15 September 20150 comments
Technology

Cellphone lifeline: refugees wait at border of Greece and Macedonia (Image: Reuters/Alexandros Avramidis)

For the tens of thousands of migrants flooding into Europe, smartphone maps, global positioning apps and social media have become essential tools.

Food, water and shelter are the basic needs for the millions across the globe displaced by war. But another thing that is vital to them is a smartphone charging station.

Technology has transformed the world’s most recent refugee crisis by making it easier for millions more people to move. The digital connectivity has increased the pressures on routes that are proving successful; like the one through Macedonia and Serbia which the United Nations says 3000 people are using to cross every day.
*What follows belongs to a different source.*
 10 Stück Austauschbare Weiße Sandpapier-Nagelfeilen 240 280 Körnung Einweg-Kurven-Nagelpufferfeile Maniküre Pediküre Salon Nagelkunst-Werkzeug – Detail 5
Migrants depend on smartphones to post real-time updates about routes, arrests, border guard movements and transport, as well as places to stay and prices, all the while keeping in touch with family and friends.

The first thing many do once they have successfully navigated a perilous ocean voyage somewhere in the world is pull out a smartphone and send loved ones a message that they are safe.

Reports say that much of the change is driven by the tens of thousands of middle-class Syrians who have been displaced by war.

But smartphones are not limited to them, and are also used by migrants from Africa and the Middle East to Afghanistan and Pakistan.

Syrians are also being helped along their journeys by Arabic-language Facebook groups like ‘Smuggling Into the EU’, with 23,953 members, and ‘How to Emigrate to Europe’, with 39,304.

The discussions are both public and private, requiring an invitation from a group administrator. Migrants share photos and videos of their journeys taken on their smartphones.

Traffickers are also using digital technology; advertising their services on Facebook like a travel agent might, complete with photos of destinations and special deals.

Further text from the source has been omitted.